First time i have purchased a SSD for my PC and was wondering if there is any tips/tricks i should know before cloning my current WD SATA drive to it. Obviously im using the SSD for Windows/Apps and the SATA drive for games, movies, music, etc...


Here is the drive:
Crucial M4 CT128M4SSD2 2.5" 128GB SATA III MLC 


Thanks!


----------



## JrRacinFan (Dec 26, 2012)

Move your pagefile to a mechanical hdd. Essentially shouldn't really need to do anything else.


----------



## Skywalker12345 (Dec 26, 2012)

Ok sounds easy enough, i cant wait to get this SSD ive been stuck with this old WD drive that is slowwwwww as a snail.

thanks


----------



## manofthem (Dec 26, 2012)

Congrats on your first ssd, you're really in for a treat!  

Turning off hibernate saves you some good space, I'd recommend that if you dont need hibernation. I left my pagefile on my ssd but shrunk it down, just another thought.


----------



## TheMailMan78 (Dec 26, 2012)

JrRacinFan said:


> Move your pagefile to a mechanical hdd. Essentially shouldn't really need to do anything else.



You don't even need to do that. Just turn off the scheduled defrag and that's it.


----------



## Skywalker12345 (Dec 26, 2012)

thessdreview.com/ssd-guides/optimization-guides/the-ssd-optimization-guide-2/

I read this and it has quite a few good points but thanks for the tips!!


----------



## Wrigleyvillain (Dec 26, 2012)

JrRacinFan said:


> Move your pagefile to a mechanical hdd. Essentially shouldn't really need to do anything else.
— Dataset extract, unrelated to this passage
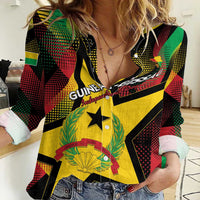 Personalized Guinea-Bissau Independence Day Women Casual Shirt Coat Of Arms With Map - Wonder Print Shop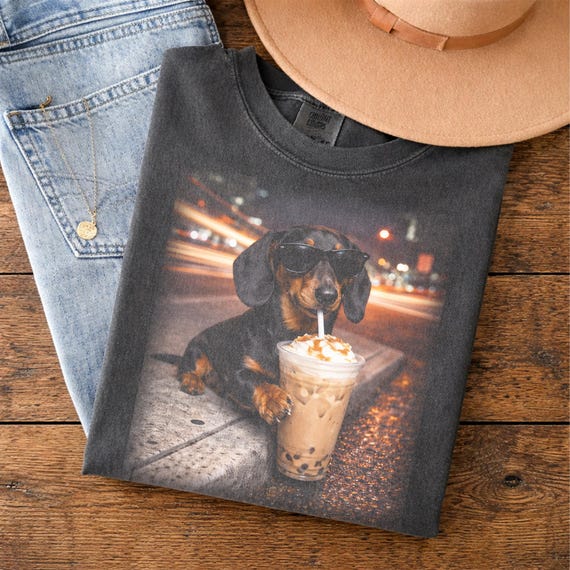 Comfort Colors® Funny Dachshund Drinking Iced Coffee T-shirt, Vintage Dog Shirt, Wiener Dog Tee, Sausage Dog Unisex Tee, Dog Lover Shirt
No offense dude but this is pretty bad advice even though it could help "minimize writes" and certainly not even close to the most important tweak(s). Firstly, unless you really know what you are doing and what all your apps require then just let Windows manage the damn page file. I think the engineers in Redmond know a bit more about this stuff then we do even given the fact that a TPU'er is going to have more RAM than Joe Average. And with enough RAM it should not be paging all that much in the first place and, when it does, I know I would prefer it to do so to the fast SSD.

There are a few things you do want to disable like the defrag as MM said. Also I turn off indexing plus System Restore and disable hibernation as it makes a big file of RAM contents. 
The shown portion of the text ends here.